そんな天才達の残した作品群の中で、何か写真集で一冊というなら、間違いなくボクは『チロ愛死』。
これは天才アラーキーが22年もの間、寝食を共にした愛猫チロの死期を悟ってからのドキュメント。そして、表現手法に於いて、「本」である事に極めて深い意味を持たせている。
ページをめくる。
チロの元気な頃から荼毘に付すまで、ゆっくりと時が流れている。そして合間合間に配される、ベランダの定位置から撮られたいつもの夕焼け、電線。ベランダ、電線の繰り返し。そして少々のエロ。デジタル画面でカーソルのスクロールではこの悲しみの正体は決して見えてこないだろう。
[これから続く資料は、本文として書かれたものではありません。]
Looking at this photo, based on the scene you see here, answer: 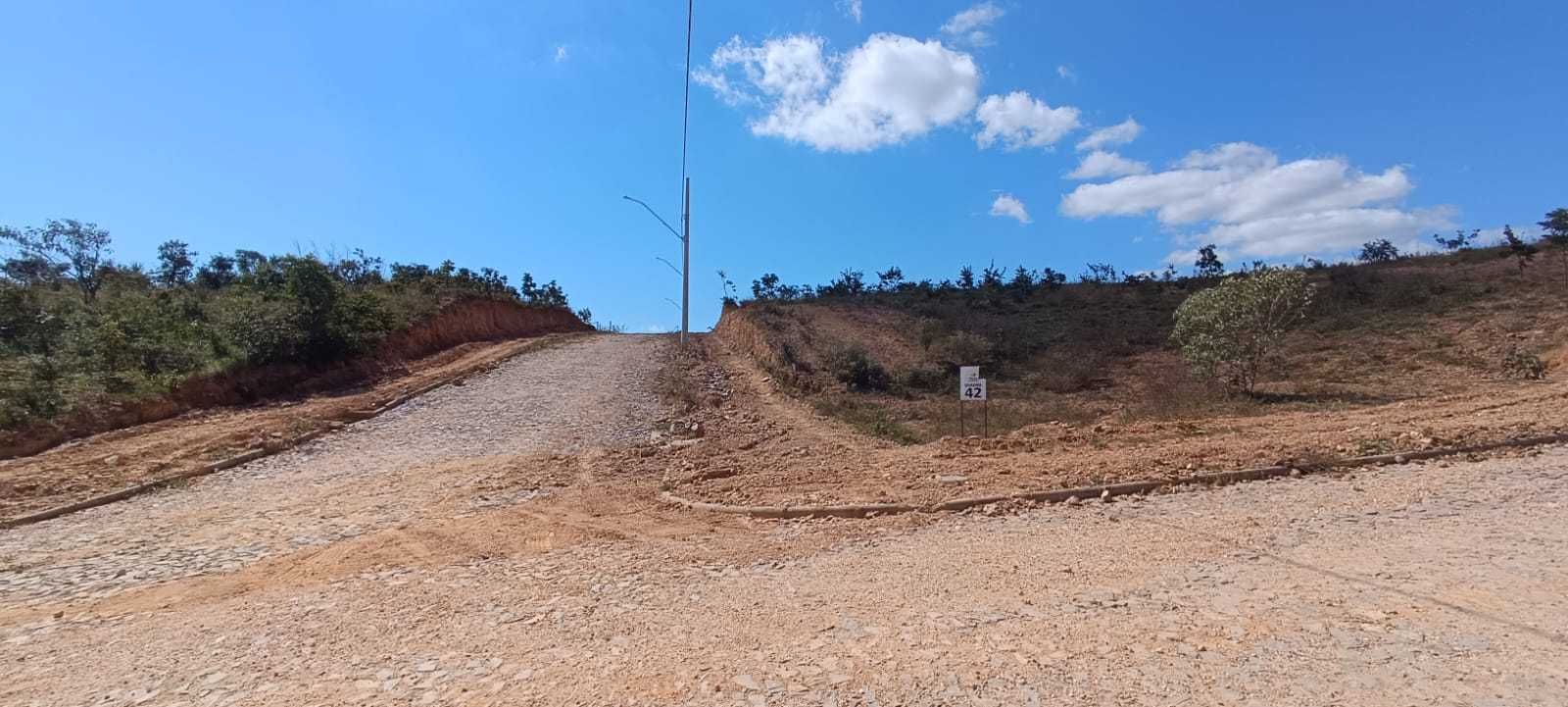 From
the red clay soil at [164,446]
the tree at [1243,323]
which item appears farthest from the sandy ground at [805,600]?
the tree at [1243,323]

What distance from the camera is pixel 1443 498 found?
6973 mm

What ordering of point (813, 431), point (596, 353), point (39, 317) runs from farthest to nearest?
point (596, 353)
point (39, 317)
point (813, 431)

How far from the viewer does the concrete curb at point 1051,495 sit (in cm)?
751

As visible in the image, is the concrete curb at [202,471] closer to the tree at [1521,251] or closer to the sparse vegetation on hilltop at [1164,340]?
the sparse vegetation on hilltop at [1164,340]

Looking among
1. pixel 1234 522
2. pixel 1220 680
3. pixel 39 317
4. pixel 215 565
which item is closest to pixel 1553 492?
pixel 1234 522

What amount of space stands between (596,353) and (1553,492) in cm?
2066

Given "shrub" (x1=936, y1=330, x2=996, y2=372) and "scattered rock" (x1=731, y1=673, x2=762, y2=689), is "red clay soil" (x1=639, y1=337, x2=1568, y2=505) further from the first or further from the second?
"shrub" (x1=936, y1=330, x2=996, y2=372)

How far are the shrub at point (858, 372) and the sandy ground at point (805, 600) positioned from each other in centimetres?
868

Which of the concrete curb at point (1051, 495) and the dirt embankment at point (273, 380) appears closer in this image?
the concrete curb at point (1051, 495)

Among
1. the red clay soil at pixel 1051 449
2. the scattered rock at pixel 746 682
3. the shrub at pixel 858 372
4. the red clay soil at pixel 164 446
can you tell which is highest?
the shrub at pixel 858 372

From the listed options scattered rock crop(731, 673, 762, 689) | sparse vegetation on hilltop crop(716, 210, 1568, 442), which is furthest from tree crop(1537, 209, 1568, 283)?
scattered rock crop(731, 673, 762, 689)

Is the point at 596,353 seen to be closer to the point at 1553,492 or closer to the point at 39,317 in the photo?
the point at 39,317

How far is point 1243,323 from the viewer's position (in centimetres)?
1605

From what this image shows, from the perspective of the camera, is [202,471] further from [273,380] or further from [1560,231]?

写真集だからこそ、ページをめくる指先から、ビシッ、ビシっとムチで叩かれる様な激痛が心の奥まで響いてくる。その痛みの音とは裏腹に、この作品は全編を通して不思議な静けさに包まれているのだ。見ている間、写真からは全く音を感じない。周囲の音すら何も聞こえてこなくなる。まさに無音の世界。何故だろう?? ボクには解らない。
ただ刻々と死に向かうチロ、その日の夕焼け、電線、ベランダからの風景・・・この無機質&ループなページ割りを繰り返し眼で追っていると、『来るべきその日への覚悟』『焦燥』『運命に逆らえないという現実・・・』こんなワード達が、夕焼けやベランダ写真の後ろ側にじわっと映り込んでいるのが、いつしか見えてくるのだ・・・。
この1冊が天才・荒木経惟の眼が産み落とした悲しみのカタチ。チロが逝って、アラーキーが新たに産み落とした、悲しみのカタチをした本なのだ。